The line would work better in reference to Celestia and just about anypony else, even pre-ascension Twilight. As is, though, it's not a good justification for why Celestia won't reciprocate Twilight's desires. If you want Twilight to still be mortal after becoming an alicorn, make that clearer.


There's no reason for it if the author implicitly implies it and that meaning is conveyed. You understood the implication correctly; the author has done their job right. That's the core of show-don't-tell! The information is there, and the information doesn't contradict canon, so going this far out of your way to nitpick it shows to me that it upsets your personal headcanon -- or the idea of it violating another hypothetical person's headcanon -- which is again a horrible way to review.
#16534 · 3
· on A Change of Heart · >>Xepher >>CoffeeMinion
>>Xepher

The only problem I saw was that some of the ideas don't particularly lead naturally into themselves on the first read-through.

But your other criticisms are... I mean, they don't literally hum the words, that's what the italics are for.
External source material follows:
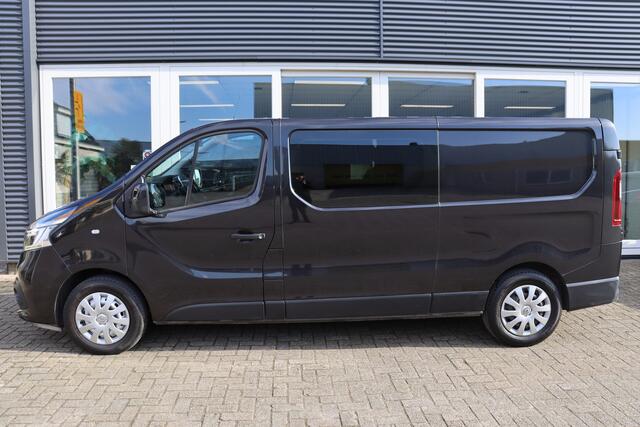 Renault TRAFIC 2.0 dCi 145 Pk L2H1 Automaat, Dubbele Cabine, Cruise Control, Camera, Trekhaak, PDC A, Navigatie, Prijs Is Rijklaar Ex Btw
It's a common thing in writing to have sounds like that convey a meaning or expression that isn't explicitly verbal.

It's a hum with an intonation implies that implies 'welcome'. It is not the word 'welcome', hummed.

I think most of what's lost you here is on you, and not the author, as it came across fine and clearly to me even on one read-through. Blunt objects are also known for often being dense.

Sorry I can't comment more, author; Not familiar with the EQG setting at all, haven't seen any of the movies, so I'm afraid a lot of this is otherwise lost on me, but what I did understand -- and what was relevant to be understood -- came through clearly enough. And the idea of Twilight being a Soylent addict always does my heart good.
#2197 · 2
· on In Defense of Death · >>FrontSevens >>The_Letter_J
>>Trick_Question
I gotta say, I didn't like it that much either, sorry author, but in their hypothetical defense I think you've kind of missed the point just a little.

Unreliable narrator seem to be the key words here. Because the voice was a character, they just didn't bother to introduce themselves. Because they let their tone convey that character for us.

Show-don't-tell is important from the author's perspective, but this is obviously from the point of view of a third party. The conversational tone, almost casual campground-tale style of telling, is the key indicator here.
#2598 · 2
· on A Long Came A Spider · >>Orbiting_kettle >>Not_A_Hat >>horizon
>>horizon >>Orbiting_kettle >>Not_A_Hat

My usual writing style consists of having several ideas, discarding all but the strongest, and editing it down three times as long as initially getting it on the page.

This one I wrote in its entirety in fifteen minutes, without a single editing pass, knowing it was a terrible execution of a lacklustre idea, because I was very mentally unwell and became a being composed almost entirely of self-spite, the day I wrote my entries. It was an intentional decision at the time, because a lot of my close friends call me a perfectionist and that I don't enjoy writing for the sake of writing, so I went Ah Ha! I'll show them what happens when I do that! I'll show them all!

And forgot I was actually kind of sort of showing a lot more people than I intended with that declaration.

But you guys I super respect and now I made you go ahead and read this ill-conceived experiment, so I'll leave you with this instead, if you haven't heard me say it already.

This writeoff was, for me, the literary equivalent of waking up with a hangover and discovering you had cooked drunk the night before, baked inebriated and sauteed while sozzled. You do not know how the eggs got up on the ceiling, you do not know why you thought combining Italian food and Mexican was a good idea at the time, and then, and then, after finally surveying the mess that is the kitchen, you turn around and find immaculate dinnerware set up, and realize you had planned on entertaining.

The idea that some people actually showed up is as of yet inconceivable. That two attempts made the finals is equal measures baffling and mortifying.